Would you return, word for word, the lines of the data below from the line with "Lithographic Print on" through the line with "anti-Transducin (Beta)-Like 3", and no others?
[Start of section]
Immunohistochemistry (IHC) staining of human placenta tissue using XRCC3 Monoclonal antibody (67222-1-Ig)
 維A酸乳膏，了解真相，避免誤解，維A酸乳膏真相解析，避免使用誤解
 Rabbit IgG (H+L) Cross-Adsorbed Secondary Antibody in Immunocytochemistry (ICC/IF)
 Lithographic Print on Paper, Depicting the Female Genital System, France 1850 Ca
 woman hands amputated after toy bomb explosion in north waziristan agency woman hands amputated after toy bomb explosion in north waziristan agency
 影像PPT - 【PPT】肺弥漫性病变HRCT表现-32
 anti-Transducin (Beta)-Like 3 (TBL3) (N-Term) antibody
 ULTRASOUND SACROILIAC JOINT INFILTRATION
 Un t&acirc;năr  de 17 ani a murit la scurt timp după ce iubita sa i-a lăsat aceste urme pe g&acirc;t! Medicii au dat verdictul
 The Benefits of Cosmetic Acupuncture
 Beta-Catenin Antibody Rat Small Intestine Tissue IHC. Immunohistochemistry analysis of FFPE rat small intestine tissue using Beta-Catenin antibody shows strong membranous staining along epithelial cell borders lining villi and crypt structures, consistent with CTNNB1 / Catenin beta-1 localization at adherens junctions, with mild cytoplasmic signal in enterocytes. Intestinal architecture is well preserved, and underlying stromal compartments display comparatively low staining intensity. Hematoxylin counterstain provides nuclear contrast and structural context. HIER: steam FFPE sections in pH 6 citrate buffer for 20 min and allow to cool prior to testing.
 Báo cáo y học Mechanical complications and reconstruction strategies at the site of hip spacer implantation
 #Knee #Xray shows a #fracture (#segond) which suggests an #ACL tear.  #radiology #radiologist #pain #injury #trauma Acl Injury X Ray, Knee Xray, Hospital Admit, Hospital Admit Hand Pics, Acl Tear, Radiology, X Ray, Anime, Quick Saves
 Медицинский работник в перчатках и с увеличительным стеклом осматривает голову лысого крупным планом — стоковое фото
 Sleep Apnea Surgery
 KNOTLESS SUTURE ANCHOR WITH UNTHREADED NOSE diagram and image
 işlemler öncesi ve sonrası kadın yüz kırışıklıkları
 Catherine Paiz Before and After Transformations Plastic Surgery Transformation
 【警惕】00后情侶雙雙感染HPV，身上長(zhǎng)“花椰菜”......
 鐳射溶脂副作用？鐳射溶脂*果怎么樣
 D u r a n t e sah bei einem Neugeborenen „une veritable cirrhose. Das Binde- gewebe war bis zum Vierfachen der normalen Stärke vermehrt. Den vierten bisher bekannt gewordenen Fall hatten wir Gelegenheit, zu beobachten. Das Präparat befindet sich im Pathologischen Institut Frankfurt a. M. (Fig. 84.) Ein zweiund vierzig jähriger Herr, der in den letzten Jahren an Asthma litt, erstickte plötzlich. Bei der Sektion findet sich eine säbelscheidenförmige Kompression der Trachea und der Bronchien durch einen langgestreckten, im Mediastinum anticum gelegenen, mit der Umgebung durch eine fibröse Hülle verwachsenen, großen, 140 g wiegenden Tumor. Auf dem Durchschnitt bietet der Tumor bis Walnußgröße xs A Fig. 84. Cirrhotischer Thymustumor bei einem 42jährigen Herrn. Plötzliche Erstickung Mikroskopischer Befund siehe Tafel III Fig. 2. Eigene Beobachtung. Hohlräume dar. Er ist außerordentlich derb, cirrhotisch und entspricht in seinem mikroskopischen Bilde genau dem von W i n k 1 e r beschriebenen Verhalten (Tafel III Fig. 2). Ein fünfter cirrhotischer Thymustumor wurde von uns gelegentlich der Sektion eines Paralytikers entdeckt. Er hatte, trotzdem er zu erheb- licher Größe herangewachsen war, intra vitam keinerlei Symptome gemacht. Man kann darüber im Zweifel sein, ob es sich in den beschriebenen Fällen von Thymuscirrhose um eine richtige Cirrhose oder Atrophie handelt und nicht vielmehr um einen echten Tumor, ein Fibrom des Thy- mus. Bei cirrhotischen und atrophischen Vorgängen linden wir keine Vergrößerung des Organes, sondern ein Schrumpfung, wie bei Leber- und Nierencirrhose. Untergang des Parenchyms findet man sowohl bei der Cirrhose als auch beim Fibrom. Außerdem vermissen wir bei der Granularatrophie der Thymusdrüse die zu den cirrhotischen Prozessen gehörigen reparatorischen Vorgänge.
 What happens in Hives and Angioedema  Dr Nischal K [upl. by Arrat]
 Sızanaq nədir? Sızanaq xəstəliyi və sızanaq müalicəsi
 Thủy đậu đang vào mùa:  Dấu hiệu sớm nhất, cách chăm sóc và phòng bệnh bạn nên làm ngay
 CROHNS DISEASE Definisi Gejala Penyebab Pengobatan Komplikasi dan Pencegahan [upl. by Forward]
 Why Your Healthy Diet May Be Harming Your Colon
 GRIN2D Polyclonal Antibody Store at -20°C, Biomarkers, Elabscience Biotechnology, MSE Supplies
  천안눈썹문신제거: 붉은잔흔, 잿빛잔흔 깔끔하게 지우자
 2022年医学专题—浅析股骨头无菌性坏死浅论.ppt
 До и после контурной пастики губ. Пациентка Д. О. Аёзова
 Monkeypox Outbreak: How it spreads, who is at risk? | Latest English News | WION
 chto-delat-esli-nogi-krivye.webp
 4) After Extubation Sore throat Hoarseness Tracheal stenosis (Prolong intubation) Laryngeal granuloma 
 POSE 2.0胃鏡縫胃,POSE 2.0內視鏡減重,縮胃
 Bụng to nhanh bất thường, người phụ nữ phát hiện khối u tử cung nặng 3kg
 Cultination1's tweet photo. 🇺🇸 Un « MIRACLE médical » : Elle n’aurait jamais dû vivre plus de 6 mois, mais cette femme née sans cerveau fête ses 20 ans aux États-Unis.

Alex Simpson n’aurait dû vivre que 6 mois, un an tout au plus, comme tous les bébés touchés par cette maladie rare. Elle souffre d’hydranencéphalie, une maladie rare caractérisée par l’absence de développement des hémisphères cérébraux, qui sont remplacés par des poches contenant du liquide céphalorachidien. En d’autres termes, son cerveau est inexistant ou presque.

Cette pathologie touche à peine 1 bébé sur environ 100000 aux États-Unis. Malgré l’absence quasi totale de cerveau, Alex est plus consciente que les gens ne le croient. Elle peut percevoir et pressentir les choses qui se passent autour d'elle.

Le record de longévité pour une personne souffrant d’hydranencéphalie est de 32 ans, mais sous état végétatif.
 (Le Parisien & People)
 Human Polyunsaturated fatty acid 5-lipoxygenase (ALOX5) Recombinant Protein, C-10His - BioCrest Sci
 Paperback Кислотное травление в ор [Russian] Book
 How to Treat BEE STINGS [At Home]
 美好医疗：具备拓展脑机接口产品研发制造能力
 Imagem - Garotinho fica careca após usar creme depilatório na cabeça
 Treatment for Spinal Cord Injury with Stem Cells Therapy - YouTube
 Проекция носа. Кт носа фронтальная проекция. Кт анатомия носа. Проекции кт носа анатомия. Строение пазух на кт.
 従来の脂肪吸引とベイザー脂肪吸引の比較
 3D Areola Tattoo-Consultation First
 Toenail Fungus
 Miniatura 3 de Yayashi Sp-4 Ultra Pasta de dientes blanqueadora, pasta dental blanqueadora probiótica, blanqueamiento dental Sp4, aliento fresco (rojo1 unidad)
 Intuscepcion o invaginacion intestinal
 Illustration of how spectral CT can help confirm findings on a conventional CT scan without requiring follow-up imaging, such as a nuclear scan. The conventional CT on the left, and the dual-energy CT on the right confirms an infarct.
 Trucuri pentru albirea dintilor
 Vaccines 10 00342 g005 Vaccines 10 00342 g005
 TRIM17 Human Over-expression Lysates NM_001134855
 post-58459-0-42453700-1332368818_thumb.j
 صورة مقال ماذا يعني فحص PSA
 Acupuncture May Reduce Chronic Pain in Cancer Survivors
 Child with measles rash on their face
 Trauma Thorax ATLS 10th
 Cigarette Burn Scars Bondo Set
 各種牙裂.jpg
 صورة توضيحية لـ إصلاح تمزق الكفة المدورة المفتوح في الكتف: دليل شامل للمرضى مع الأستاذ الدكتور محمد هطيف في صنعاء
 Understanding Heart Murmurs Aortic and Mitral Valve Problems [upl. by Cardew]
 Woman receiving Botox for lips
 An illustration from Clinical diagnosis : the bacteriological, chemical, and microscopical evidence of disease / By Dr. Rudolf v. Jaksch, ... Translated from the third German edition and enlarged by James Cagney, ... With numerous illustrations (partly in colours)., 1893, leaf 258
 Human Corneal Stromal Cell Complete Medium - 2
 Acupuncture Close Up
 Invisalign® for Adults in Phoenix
[End of section]
### ANSWER TO THE EXERCISE
 Lithographic Print on Paper, Depicting the Female Genital System, France 1850 Ca
 woman hands amputated after toy bomb explosion in north waziristan agency woman hands amputated after toy bomb explosion in north waziristan agency
 影像PPT - 【PPT】肺弥漫性病变HRCT表现-32
 anti-Transducin (Beta)-Like 3 (TBL3) (N-Term) antibody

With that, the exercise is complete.